# good investment?



## leez_brute (Dec 24, 2010)

just bought an 08 arctic cat 700 H1. bone stock other than 26" mud trax tires and ss wheels. 188 miles on it. garage kept... $5k. was this a good deal???


----------



## BigBruteSteve (Sep 19, 2010)

I think u paid a bit too much..arctic cat is hard to work on in my opinion..if u don't mud ride it much.u shouldn't have that many problems

Sent from my T-Mobile G2 using Tapatalk


----------



## Roboquad (Sep 8, 2009)

Good deal. The Bruit has more power but they make a nice bike...


----------



## J2! (May 8, 2010)

The 700h1 is a great bike. And they really aren't that hard to work on at all. 5k sounds a tad high but you got a good bike. Devon from Southern Ridge whipped everybody's butt last year in the mud pits with his. Good luck with it.


----------



## DLB (Oct 8, 2009)

5k doesn't sound bad, but I don't know much about the ACs. I wouldn't take less than 5k for my 07 Grizz 700eps and only tires/wheels. It still books for 5400 and that's w/o power-steering and all the accessories. As it sits, I'd have to get around 6k to make it worth selling...sucks cause I want a SxS bad! :34:


----------



## leez_brute (Dec 24, 2010)

it books for 5450... this bike has only been ridden down the guys drive way by his wife... literaly has 1 scratch on it. 186 miles... looks like it was driven off the showroom floor and parked in a garage. i'm ready to see how it turns the 29.5's i just bought for it!!!


----------



## leez_brute (Dec 24, 2010)

@J2! I bought the bike from a guy in Deatsville...


----------



## Polaris425 (Dec 16, 2004)

Can't wait to see pics & mods.. we need more CAT guys!


----------



## Roboquad (Sep 8, 2009)

Better do the spider gear weld. The kittens crackle a bit in thick mud. Was told its a fail safe by the manufacturer. Hope its not bs. My buddy gets his mud pro stuck and makes this sound a lot.he is 1st on nastiest hole thread. They also have an unbelievable warranty. Brought it in with the display full of water. Replaced front axles,spider gears and pod under warranty. I wanted to trade mine just for that.


----------



## J2! (May 8, 2010)

^^ Agreed. Arctic Cat's warranty is second to none. They don't give you a hard time about ANYTHING !! Yes the spider weld is a must. The diffs have a kinda limited slip to them if that's the right term to call it.
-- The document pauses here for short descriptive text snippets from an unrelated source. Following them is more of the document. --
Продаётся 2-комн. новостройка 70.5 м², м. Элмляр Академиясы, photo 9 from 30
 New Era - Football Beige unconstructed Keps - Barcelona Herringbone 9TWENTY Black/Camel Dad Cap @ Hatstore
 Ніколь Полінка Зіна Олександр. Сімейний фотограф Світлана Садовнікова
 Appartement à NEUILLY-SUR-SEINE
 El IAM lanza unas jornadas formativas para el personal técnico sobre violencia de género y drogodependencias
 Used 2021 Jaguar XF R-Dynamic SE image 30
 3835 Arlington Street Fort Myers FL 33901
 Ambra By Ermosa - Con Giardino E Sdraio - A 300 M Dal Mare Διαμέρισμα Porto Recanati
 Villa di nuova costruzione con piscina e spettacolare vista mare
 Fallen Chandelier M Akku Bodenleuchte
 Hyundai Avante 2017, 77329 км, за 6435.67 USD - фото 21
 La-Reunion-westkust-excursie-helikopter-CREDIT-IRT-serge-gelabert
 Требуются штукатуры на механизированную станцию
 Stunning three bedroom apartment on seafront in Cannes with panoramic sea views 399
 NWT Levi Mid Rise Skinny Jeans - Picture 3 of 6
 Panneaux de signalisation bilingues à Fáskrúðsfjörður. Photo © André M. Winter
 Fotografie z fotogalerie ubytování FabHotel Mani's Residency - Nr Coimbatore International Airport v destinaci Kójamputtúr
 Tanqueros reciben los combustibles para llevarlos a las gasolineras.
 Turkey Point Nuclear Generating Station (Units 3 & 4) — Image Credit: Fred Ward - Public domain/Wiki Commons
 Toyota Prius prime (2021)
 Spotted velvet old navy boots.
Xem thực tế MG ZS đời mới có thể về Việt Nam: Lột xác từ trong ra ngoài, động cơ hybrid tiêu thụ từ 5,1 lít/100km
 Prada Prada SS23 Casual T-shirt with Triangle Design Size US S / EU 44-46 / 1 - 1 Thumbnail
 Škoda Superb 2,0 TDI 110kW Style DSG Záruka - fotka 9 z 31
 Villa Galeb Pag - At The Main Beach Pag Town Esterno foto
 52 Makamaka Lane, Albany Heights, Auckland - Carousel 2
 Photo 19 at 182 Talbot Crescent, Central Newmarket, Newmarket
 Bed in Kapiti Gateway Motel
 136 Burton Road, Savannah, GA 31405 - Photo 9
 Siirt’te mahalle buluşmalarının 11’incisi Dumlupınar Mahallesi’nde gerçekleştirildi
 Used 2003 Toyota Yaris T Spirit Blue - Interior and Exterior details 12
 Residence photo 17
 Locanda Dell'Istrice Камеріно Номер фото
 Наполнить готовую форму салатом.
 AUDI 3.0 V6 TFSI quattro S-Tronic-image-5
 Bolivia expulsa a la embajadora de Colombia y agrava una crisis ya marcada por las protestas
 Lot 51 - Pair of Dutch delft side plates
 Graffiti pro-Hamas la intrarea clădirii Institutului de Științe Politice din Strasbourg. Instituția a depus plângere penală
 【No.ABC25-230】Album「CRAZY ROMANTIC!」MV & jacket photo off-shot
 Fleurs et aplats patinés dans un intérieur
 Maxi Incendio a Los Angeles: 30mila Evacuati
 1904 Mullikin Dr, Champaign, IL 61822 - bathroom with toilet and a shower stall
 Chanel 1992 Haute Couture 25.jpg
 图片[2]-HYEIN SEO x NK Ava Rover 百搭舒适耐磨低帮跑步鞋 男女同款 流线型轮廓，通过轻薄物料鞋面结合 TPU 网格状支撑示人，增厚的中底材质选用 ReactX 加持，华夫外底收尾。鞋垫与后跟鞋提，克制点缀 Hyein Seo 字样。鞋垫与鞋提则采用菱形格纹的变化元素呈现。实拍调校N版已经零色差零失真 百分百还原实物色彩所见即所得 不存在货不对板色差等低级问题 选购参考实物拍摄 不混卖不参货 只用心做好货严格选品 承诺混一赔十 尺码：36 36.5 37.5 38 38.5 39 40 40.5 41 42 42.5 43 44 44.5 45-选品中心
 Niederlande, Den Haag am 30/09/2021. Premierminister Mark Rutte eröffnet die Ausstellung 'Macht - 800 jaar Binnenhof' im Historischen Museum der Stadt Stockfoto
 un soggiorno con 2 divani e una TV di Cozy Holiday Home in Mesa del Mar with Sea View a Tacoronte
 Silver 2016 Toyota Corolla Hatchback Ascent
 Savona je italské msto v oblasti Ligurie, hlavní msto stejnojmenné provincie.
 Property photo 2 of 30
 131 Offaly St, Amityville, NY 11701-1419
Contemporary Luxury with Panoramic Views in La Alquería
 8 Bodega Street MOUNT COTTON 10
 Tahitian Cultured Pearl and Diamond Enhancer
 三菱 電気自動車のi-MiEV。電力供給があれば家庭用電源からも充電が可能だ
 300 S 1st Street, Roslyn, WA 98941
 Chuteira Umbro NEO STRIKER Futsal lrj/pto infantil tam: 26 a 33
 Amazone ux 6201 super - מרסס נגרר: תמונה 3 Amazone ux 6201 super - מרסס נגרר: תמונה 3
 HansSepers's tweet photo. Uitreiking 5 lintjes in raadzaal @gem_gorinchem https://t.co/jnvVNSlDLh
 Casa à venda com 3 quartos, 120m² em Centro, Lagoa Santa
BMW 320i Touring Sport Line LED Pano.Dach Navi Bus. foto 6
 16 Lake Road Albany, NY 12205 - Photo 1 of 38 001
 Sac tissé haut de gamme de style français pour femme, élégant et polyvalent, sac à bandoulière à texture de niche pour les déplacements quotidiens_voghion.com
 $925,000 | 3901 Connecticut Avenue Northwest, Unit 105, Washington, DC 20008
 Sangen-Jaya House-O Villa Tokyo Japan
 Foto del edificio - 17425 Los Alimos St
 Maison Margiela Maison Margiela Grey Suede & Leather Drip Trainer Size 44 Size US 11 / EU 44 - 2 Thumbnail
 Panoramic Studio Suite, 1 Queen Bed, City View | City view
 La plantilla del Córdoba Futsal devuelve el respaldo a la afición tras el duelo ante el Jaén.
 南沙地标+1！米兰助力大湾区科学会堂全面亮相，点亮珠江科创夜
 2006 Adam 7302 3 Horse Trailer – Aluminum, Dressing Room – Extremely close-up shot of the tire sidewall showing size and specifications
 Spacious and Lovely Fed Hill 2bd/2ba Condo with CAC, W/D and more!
Get it welded and all will be good. Leez, what was the guys name you got it from, I might know him. And how far do you live from me ? We are always looking for people to ride with, and there really isn't much riding around this area. We ride mortar creek every summer, it's about 15 minutes from my house. I'll hit ya up next time we ride there. But it's sandy bottoms so laws and backs don't do good in it, my stockers work good out there though. We also go to the deatsville mudbog they have onca a month. Not much trails there just alot of mud, atv's and trucks. It's also about 15 minutes from me. We occasionally go to nyota, ever been there ? It's around B'ham. AWSOME 4 mile trek through the woods and a big creek to play in and sit and cook out !! It has some MEAN mudholes and very rocky trails too.


----------



## leez_brute (Dec 24, 2010)

@polaris425 putting the laws on tomorrow so pics will be up tomorrow hopefully. @robo thx for the info. gotta find some1 to do the welding, I'm not lol. @J2! private msg sent


----------



## chief_22006 (Feb 14, 2010)

Im thinking this bike doesnt have the sld. Only the mud pros and thundercats have um.


----------



## leez_brute (Dec 24, 2010)

@polaris425 pics posted under the show your cat thread...


----------



## greenkitty7 (Jan 26, 2011)

definitely doesnt have the sld. there shouldnt be any major problems i can think of other than one on this bike. the throttebody to engine boot dry rots and cracks. need to get the updated one. if you need the part number let me know.


----------



## chief_22006 (Feb 14, 2010)

The boot looked good when i looked at it. I havent even updated mine yet. But i guess both of us will do that soon.


----------



## greenkitty7 (Jan 26, 2011)

Sometimes its hard to see the cracks in ot too and you will ruin the injector with creek sand and mud if it gets in that boot


----------



## chief_22006 (Feb 14, 2010)

If you dont mind could u get me that part number. Tried to look it up but couldnt find it. I was suppose to have mine updated last year and the warranty would have covered it, but it got voided!


----------